The ALG9 gene encodes a protein called alpha-1,2-mannosyltransferase that functions in lipid-linked oligosaccharide assembly. Specifically, this protein catalyzes two steps in the N-linked pathway of lipid-linked oligosaccharide biosynthesis. The N-linked pathway is a complex multi enzymatic process that involves two major steps. The first of these steps takes place on the cytosolic side of the ER with the production of a dolichol pyrophosphate-linked heptasaccharide. This metabolite is then translocated to the luminal side of the ER where four mannose residues and three glucose residues are added to the lipid-linked precursor oligosaccharide. The ALG9 protein catalyzes the addition of two different mannose residues, the seventh mannose residue on the B-arm as well as the ninth mannose residue on the C-arm to the lipid-linked oligosaccharide.
Mutations in the ALG9 gene are associated with two different kinds of disorders. Congenital disorder of glycosylation, type Il is a disorder that results in progressive microcephaly, hypotonia, developmental delay, drug-resistant infantile epilepsy, and hepatomegaly. The other disorder linked to this gene is Gillessen-Kaesbach–Nishimura skeletal dysplasia, a rare lethal autosomal recessive syndrome with skeletal dysplasia and visceral abnormalities. In addition, variants involving the ALG9 gene have been shown to be associated with a high frequency of bipolar affective disorder in some families.

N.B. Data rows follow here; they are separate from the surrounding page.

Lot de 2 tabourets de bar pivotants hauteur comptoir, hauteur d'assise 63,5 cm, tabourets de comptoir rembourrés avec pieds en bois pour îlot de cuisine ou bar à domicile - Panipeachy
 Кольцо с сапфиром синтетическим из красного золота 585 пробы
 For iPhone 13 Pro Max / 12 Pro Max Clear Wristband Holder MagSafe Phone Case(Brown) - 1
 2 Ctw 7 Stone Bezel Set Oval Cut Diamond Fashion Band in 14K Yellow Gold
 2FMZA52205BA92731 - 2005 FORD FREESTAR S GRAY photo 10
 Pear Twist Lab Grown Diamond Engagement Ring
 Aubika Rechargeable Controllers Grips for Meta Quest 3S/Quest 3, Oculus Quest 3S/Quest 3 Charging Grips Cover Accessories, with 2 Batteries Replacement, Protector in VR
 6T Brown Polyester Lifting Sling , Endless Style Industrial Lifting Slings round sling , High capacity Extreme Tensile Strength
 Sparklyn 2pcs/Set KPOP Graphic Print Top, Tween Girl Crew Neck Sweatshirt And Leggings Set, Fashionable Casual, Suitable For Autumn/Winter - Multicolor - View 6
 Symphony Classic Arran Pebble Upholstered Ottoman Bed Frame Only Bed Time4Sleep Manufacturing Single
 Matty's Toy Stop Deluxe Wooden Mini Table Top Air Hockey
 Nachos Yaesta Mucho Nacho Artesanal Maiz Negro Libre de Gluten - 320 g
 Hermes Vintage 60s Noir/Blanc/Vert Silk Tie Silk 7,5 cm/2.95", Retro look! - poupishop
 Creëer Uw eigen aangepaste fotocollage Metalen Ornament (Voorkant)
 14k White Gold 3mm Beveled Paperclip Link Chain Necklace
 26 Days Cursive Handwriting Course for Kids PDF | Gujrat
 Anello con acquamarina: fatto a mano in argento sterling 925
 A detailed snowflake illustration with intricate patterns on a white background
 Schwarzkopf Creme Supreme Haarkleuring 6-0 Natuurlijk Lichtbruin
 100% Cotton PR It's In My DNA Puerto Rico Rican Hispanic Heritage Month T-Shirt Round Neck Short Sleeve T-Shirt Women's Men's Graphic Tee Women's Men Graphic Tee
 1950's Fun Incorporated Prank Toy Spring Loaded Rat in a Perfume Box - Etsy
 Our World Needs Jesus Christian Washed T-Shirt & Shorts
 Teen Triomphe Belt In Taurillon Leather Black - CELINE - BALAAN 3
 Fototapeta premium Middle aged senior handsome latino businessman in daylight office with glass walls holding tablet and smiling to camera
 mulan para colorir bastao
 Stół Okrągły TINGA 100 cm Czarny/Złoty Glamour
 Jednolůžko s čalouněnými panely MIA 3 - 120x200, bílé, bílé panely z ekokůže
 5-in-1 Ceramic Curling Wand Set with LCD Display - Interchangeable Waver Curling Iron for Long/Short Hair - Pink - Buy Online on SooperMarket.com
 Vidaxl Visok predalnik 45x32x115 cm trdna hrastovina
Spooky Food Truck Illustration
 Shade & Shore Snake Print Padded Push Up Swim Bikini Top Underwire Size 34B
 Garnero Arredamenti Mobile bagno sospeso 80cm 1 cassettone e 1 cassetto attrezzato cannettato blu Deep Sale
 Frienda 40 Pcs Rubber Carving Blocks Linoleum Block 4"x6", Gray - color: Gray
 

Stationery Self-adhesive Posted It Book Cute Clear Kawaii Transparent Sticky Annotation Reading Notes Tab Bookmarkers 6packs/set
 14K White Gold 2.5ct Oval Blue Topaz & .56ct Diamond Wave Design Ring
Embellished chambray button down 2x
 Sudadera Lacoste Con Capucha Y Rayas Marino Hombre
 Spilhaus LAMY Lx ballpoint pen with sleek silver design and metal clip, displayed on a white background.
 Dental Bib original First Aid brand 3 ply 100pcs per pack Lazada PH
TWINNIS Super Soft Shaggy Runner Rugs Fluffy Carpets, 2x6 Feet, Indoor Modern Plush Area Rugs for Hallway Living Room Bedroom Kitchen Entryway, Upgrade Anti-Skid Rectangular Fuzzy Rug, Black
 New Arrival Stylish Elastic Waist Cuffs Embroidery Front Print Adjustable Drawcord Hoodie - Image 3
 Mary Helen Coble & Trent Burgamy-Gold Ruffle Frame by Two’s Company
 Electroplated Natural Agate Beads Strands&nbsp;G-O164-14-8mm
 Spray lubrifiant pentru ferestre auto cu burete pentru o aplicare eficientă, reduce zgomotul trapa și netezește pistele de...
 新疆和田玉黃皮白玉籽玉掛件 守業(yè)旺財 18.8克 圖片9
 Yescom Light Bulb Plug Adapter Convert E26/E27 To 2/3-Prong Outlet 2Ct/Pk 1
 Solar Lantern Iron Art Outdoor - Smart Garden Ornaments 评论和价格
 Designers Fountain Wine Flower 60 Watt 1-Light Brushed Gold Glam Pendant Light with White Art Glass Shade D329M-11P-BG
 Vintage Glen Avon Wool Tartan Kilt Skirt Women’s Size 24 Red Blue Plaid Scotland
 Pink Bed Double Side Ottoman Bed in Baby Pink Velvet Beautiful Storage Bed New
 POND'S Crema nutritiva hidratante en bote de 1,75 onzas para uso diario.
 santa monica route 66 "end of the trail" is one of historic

The ALG9 gene is located in 11q23. It is made up of 15 exons and is about 85 kb long. The gene is expressed in all anatomical regions of the central nervous system. Exon 11 can be spliced at two sites, resulting in four major protein isoforms. The protein product encoded by the gene is made up of 611 amino acids.
AlSubhi et al. (2016) studied four patients from a large multiply consanguineous family diagnosed with ALG9-CDG. Mendeliome assay revealed a previously reported homozygous missense mutation, (c.1588G>A, p.E530K) in the ALG9 gene in the patients, which was confirmed by Sanger sequencing. All parents were tested and found to be heterozygous for the mutation.